Posted: Thu Jun 19, 2003 3:17 pm
My friend is late, so time for yet another post...
Audace it totally correct here, homosexual orientation is not a choice. This is considered a scientific fact today, it is the totally non-controversial consensus...scientifically speaking. It is of cause still a controversial fact for some religious groups. Of course the homosexual individual just as the heterosexual individual can choose to repress his or her basic needs and emotions, which is very unhealhty of course...a person does not choose eye colour either, but can of cause choose to wear colour lenses all of his life.
I also agree with Audace that when facts are available one should try to avoid "feeling" what is right or wrong and how things work. It becomes sort of like feeling that pink unicorns exist, or feeling that the moon is made of green cheese. An stupid example, but my point is that when facts are available and feelings are not consistent with facts, that persons feelings are simply incorrect.
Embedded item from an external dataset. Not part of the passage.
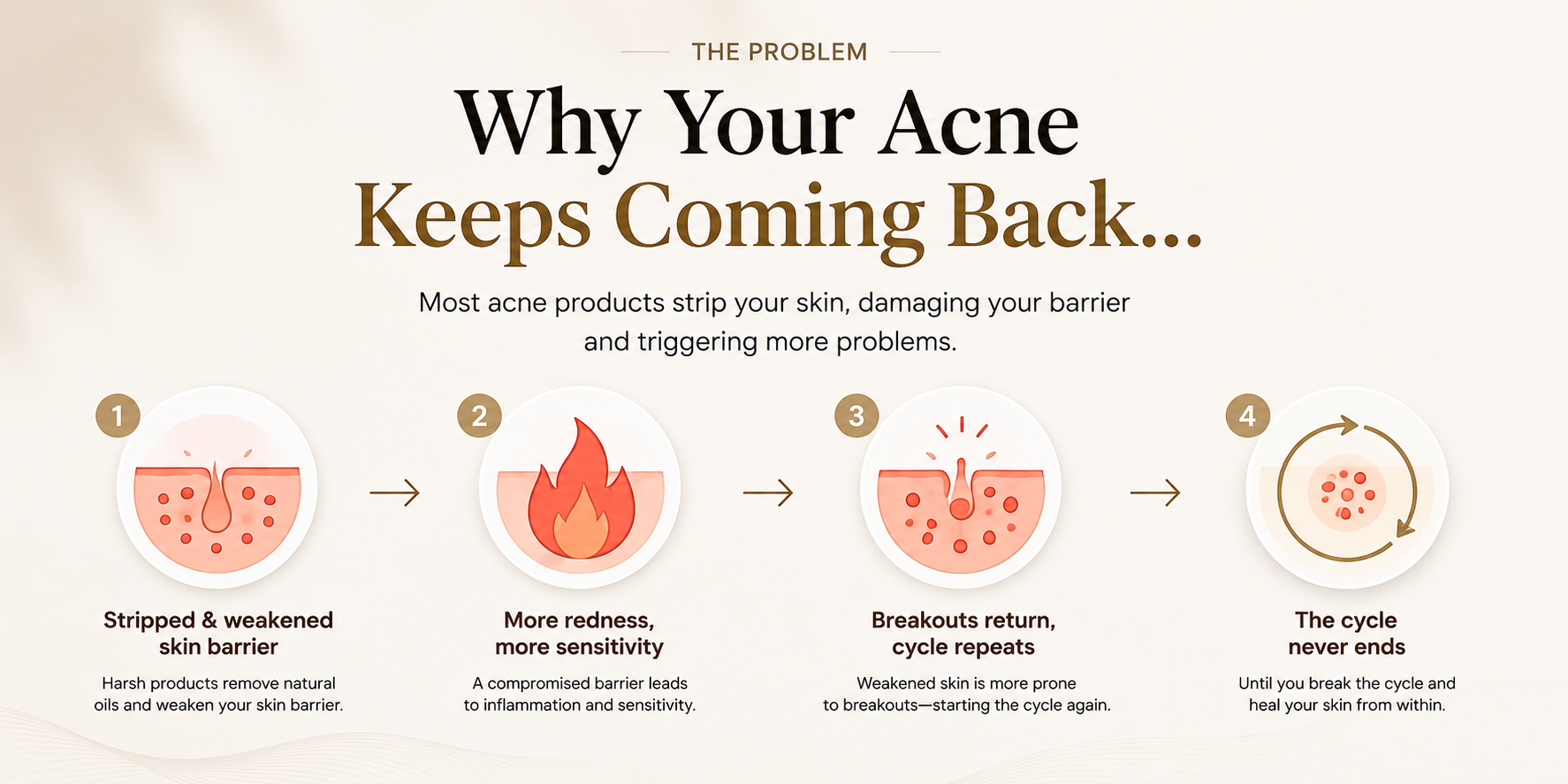 Acne Cycle 2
Current hypothesis regarding the determination of sexual orientation, is that it is not a learned behaviour, ie it is not aquired by model learning, conditioning or other learning paradigms. Instead, data suggest a biological background and mind you, biological is not equivalent to genetical. Biological could implicate genetical ie heritable, but it could also be a biological feature that is not herited. For instance, the level of hormones a fetus is exponsed to in utero is an example of a biological but not genetic factor that is speculated to have an effect on later sexual orientation. It could also be that homosexuality is indeed inherited, but, like all other human behaviour patterns, in a complex fashion including multiple genes and multiple promoters interacting to repress or express genes, and also interacting with the environment in it's widest sense, ie the biochemical environment as well as the sociocultural.
Btw, do any of you know of the study that was published in Nature (I think) about 3 years ago, where fruit flies' sexual orientation were changed by exposing them to certain peptides or hormones during development? Might provide a clue in the complex jigsaw of how sexual orientation is determined.
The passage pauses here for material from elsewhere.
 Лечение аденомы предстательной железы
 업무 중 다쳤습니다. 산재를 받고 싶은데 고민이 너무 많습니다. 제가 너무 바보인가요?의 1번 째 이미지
Originally posted by Audace
Further more...there is not a single piece of credible scientific evidence left that shows that being homosexual is a choice. Believe me, if that were the case I would've made a different choice ten years ago. This is not an issue that you can "feel" an opinion about or that it is something that's so individual that you can use the term "to me" to make statements about it.
Audace it totally correct here, homosexual orientation is not a choice. This is considered a scientific fact today, it is the totally non-controversial consensus...scientifically speaking. It is of cause still a controversial fact for some religious groups. Of course the homosexual individual just as the heterosexual individual can choose to repress his or her basic needs and emotions, which is very unhealhty of course...a person does not choose eye colour either, but can of cause choose to wear colour lenses all of his life.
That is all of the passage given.